The Asymptotic Behavior of Finite Energy Symplectic Vortices with Admissible Metrics

TL;DR

This paper proves that finite energy symplectic vortices on certain manifolds exponentially approach twisted sectors of the symplectic reduction at cylindrical ends, extending previous results to non-free group actions and aiding in moduli space construction.

Contribution

It generalizes the exponential convergence results for symplectic vortices to cases with non-free group actions, advancing the understanding of their asymptotic behavior and moduli space structure.

Findings

Exponential convergence of symplectic vortices without free action assumption

Extension of convergence results to admissible metrics with cylindrical growth

Foundational steps for constructing quotient morphism moduli spaces

Abstract

Assume $(X, \omega)$ is a compact symplectic manifold with a Hamiltonian compact Lie group action and the zero in the Lie algebra is a regular value of the moment map $\mu$. We prove that a finite energy symplectic vortex exponentially converges to (un)twisted sectors of the symplectic reduction at cylinder ends whose metrics grow up at least cylindrically fast, without assuming the group action on the level set $\mu^{-1}(0)$ is free.

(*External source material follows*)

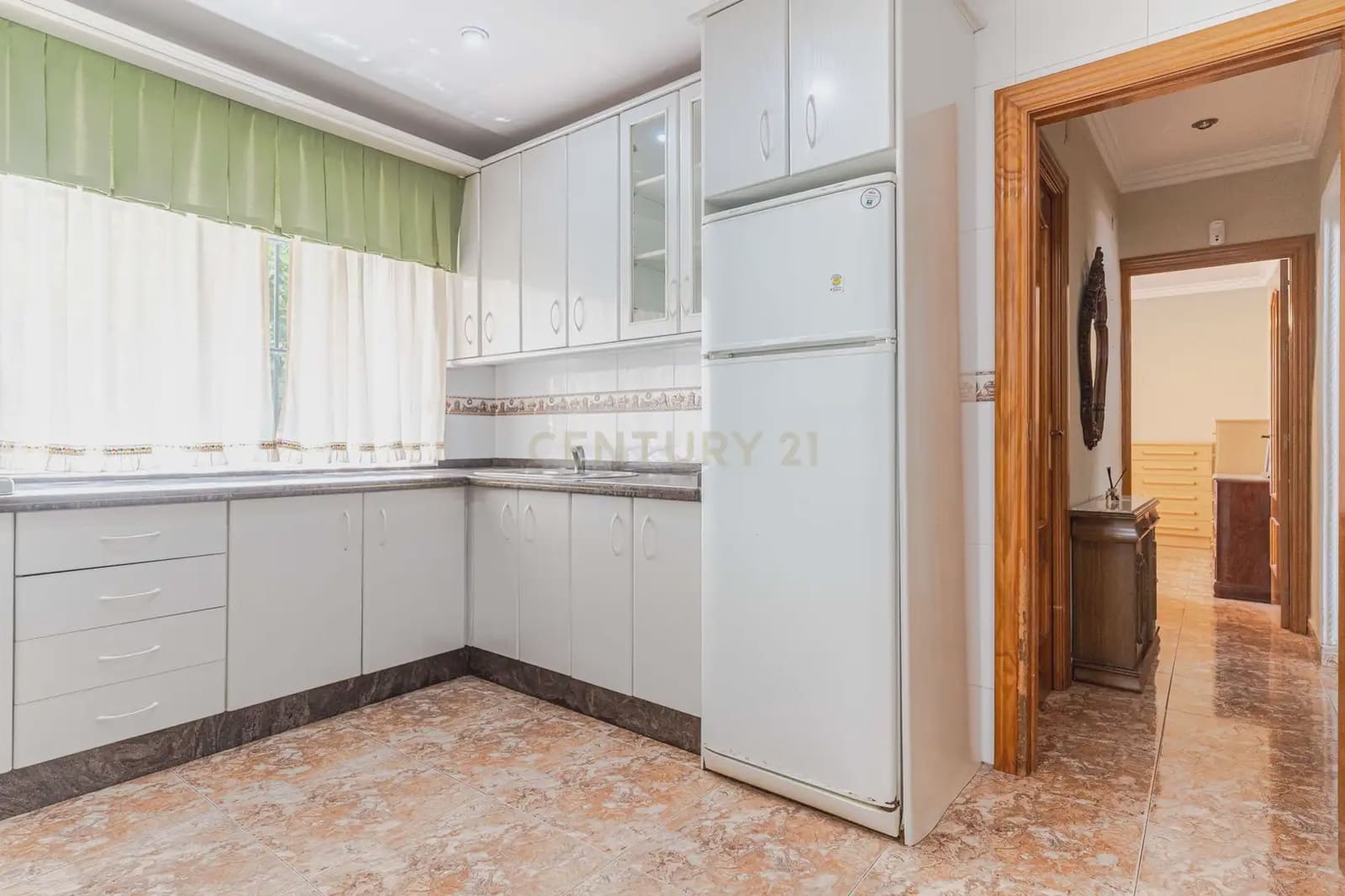 2 bedroom Bungalow for sale in Churriana de la Vega - € 209,900 (Ref: 9838281)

It generalizes the corresponding results by Ziltener [23, 24] under the free action assumption. The result of this paper is the first step in setting up the quotient morphism moduli space induced by the authors in [6]. Necessary preparations in understanding the structure of such moduli spaces are also introduced here. The quotient morphism constructed in [6] is a part of the project on the quantum Kirwan morphism by the authors (see [3, 4, 5]).